_Data under study_
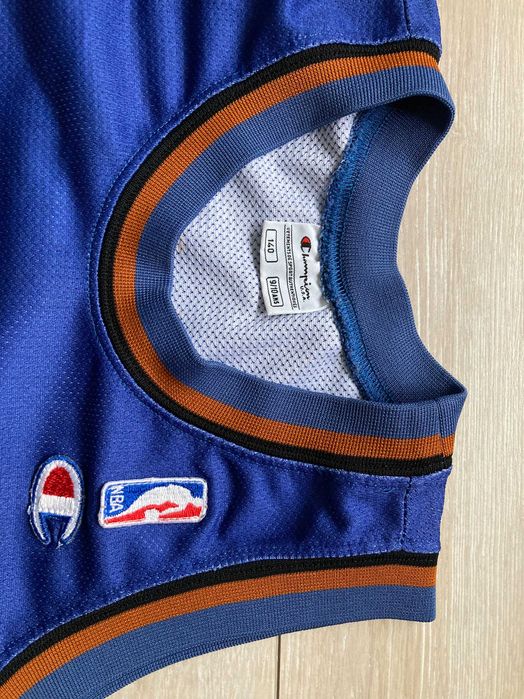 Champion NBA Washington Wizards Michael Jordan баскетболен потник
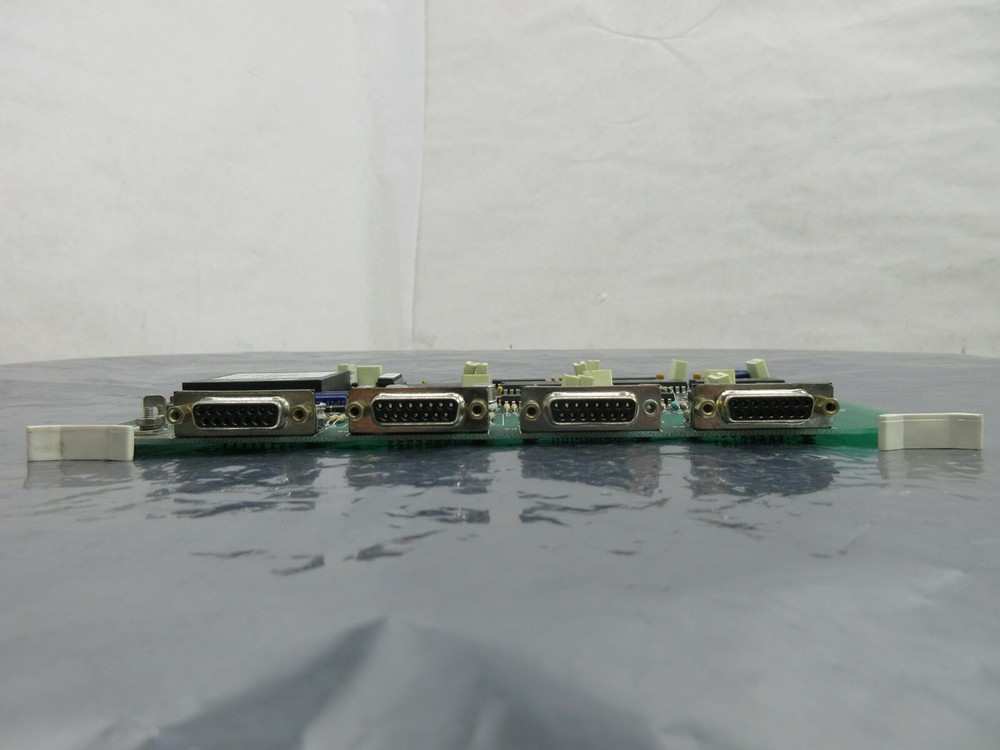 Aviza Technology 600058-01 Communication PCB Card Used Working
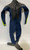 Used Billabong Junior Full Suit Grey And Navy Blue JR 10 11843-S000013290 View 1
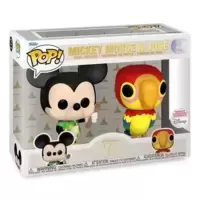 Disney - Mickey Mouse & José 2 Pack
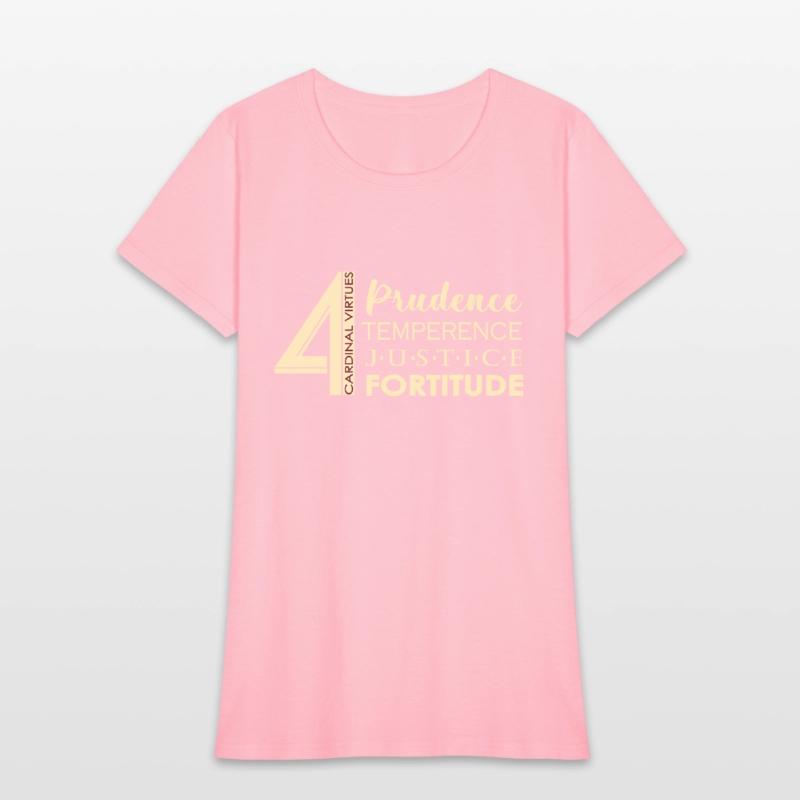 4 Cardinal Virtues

_Directions_
Copy, exactly and exclusively, the lines beginning with the one that contains "Aviza Technology 600058-01" and ending with the last line of the listing; pictures are to be omitted.

_Written reply_
 Aviza Technology 600058-01 Communication PCB Card Used Working
 Used Billabong Junior Full Suit Grey And Navy Blue JR 10 11843-S000013290 View 1
 Disney - Mickey Mouse & José 2 Pack
 4 Cardinal Virtues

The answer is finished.